How the Vision of CSIR-SARI’s Director is Powering Year-Round Innovation at the Agricultural Technology Park

The CSIR-Savanna Agricultural Research Institute (CSIR-SARI), under the Council for Scientific and Industrial Research in Ghana, continues to stand tall as a beacon of innovation and agricultural transformation in the West African sub-region. At the heart of this transformation is the Agricultural Technology Park (ATP) located at the Nyankpala campus—an experimental and demonstration hub for cutting-edge, climate-smart agricultural technologies tailored to the needs of smallholder farmers.

Since its establishment, the ATP has showcased a wide array of improved crop varieties, integrated soil fertility management practices, irrigation innovations, mechanization solutions, and other scalable technologies that have the potential to revolutionize agriculture across Ghana and beyond. However, as the dry season approaches each year, the same question has repeatedly threatened the continuity of this progress: How do we sustain this park throughout the year?

The original plan to provide water for irrigation through boreholes at the ATP site quickly proved unfeasible due to the extremely high water table in the area. Attempts to drill boreholes failed, leading to technical setbacks and stalling plans to keep the park green and productive during the long, dry months.

This presented not only a technical hurdle but a significant strategic risk. Without a reliable source of irrigation, the park could only operate seasonally—curtailing its value as a year-round learning and demonstration center. For an institution like CSIR-SARI, whose mandate is to deliver technologies that support agricultural resilience, this was unacceptable.

It was at this critical juncture that the decisive leadership of Dr. Francis Kusi, Director of CSIR-SARI and Coordinator of the ATP, proved instrumental. With deep understanding of the operational needs of the park and an unshakable commitment to the Institute’s broader vision, Dr. Kusi spearheaded a search for a more sustainable and cost-effective solution.

He looked beyond the immediate problem and into the institute’s existing resources. Roughly 1,200 meters away from the park sits the CSIR-SARI domestic dam—a facility originally designed to support the station’s non-agricultural water needs.

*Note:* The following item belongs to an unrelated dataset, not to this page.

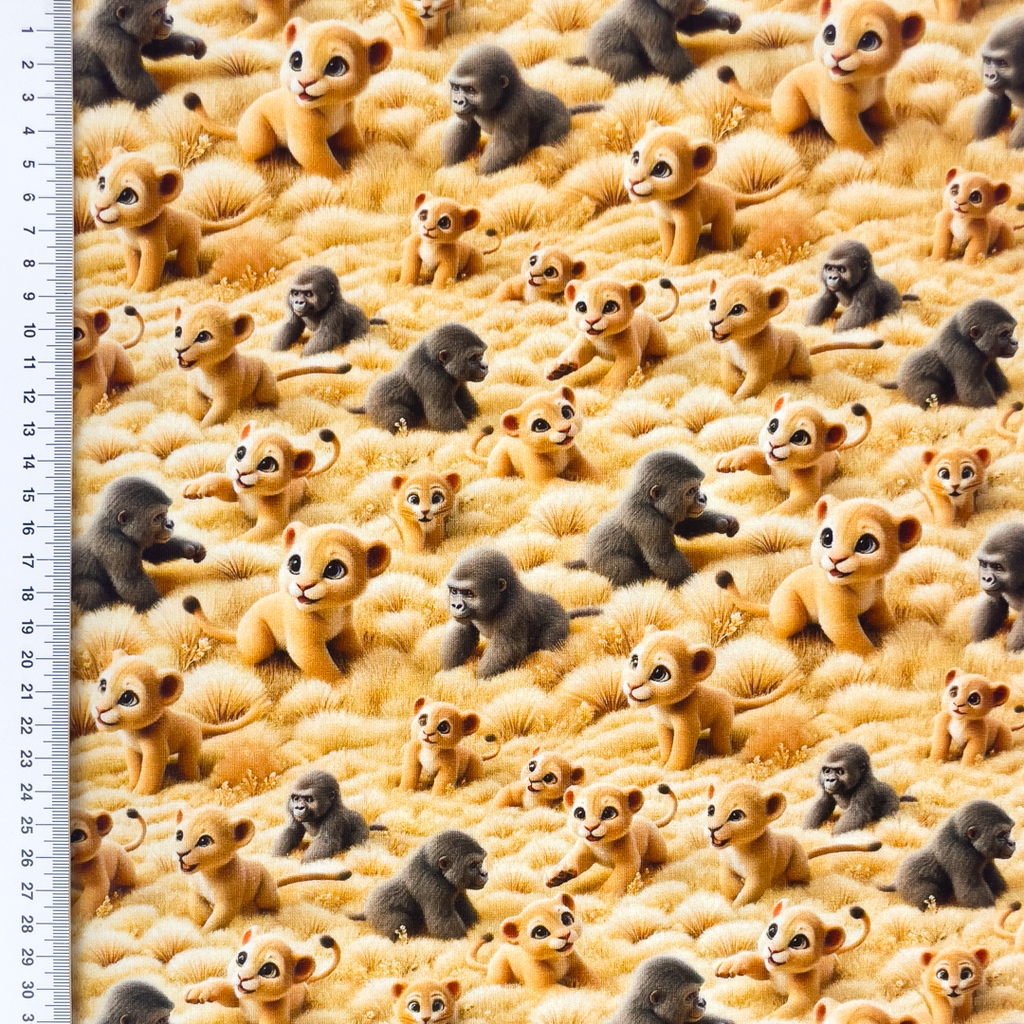 [S2285R] Jersey Digital Printed Fluffy Animals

Dr. Kusi asked a bold question: Could this dam serve both domestic and irrigation purposes—and in doing so, solve one of the ATP’s biggest problems?

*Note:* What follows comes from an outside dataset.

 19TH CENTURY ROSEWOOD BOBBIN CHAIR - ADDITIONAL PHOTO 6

With the support of his team and irrigation experts at the institute, Dr. Kusi oversaw the reengineering and redesign of the dam’s water storage system. Under his direction, the dam was upgraded to hold sufficient water to meet both its original purpose and the irrigation needs of the ATP.

But Dr. Kusi didn’t stop at theory. He moved swiftly into action. Plans were drawn up to install a comprehensive drip irrigation system that would connect the dam to the ATP. Procurement of the necessary irrigation equipment—including thousands of meters of piping and water control systems—is currently underway.

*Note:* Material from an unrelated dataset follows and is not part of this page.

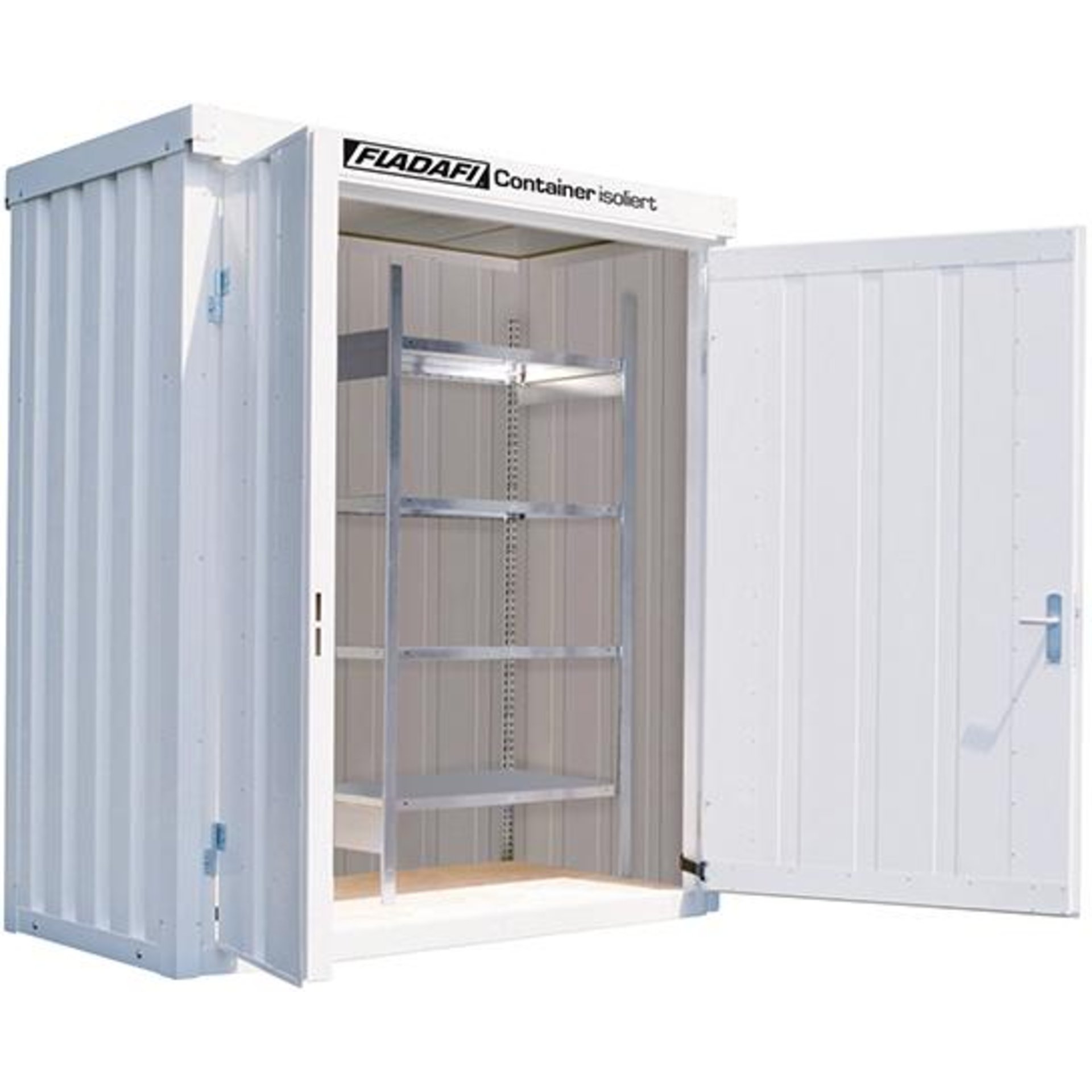Lagercontainer isoliert (aufstellfertig), montiert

Once installed, this system will ensure that the technologies displayed at the park are not at the mercy of seasonal rains. Farmers, students, policymakers, and development partners who visit the park will be able to see these innovations in action throughout the year—greatly enhancing the park’s value as a hub for capacity building, technology adoption, and south-south learning.

Beyond solving a local challenge, Dr. Kusi’s intervention has sparked broader discussions on how CSIR-SARI can better leverage its assets and internal ingenuity to achieve strategic goals. The irrigation solution has become a case study in institutional innovation—highlighting how leadership that is both visionary and pragmatic can mobilize internal resources to overcome obstacles that would otherwise require expensive external interventions.

As the pipes are laid and the irrigation system comes to life, the Agricultural Technology Park is poised to enter a new phase of its development—one characterized by 365-day operability, improved knowledge dissemination, and higher impact. None of this would have been possible without the deliberate, forward-looking leadership of Dr. Francis Kusi.

In a region where rainfall is increasingly unpredictable and where farmers’ livelihoods hang in the balance, this bold and strategic solution has not only solved a logistical problem—it has safeguarded the future of innovation for thousands of farmers across Northern Ghana.

This is what leadership looks like. This is what agricultural transformation requires. And this is what CSIR-SARI, under the guidance of Dr. Francis Kusi, is delivering—one bold decision at a time.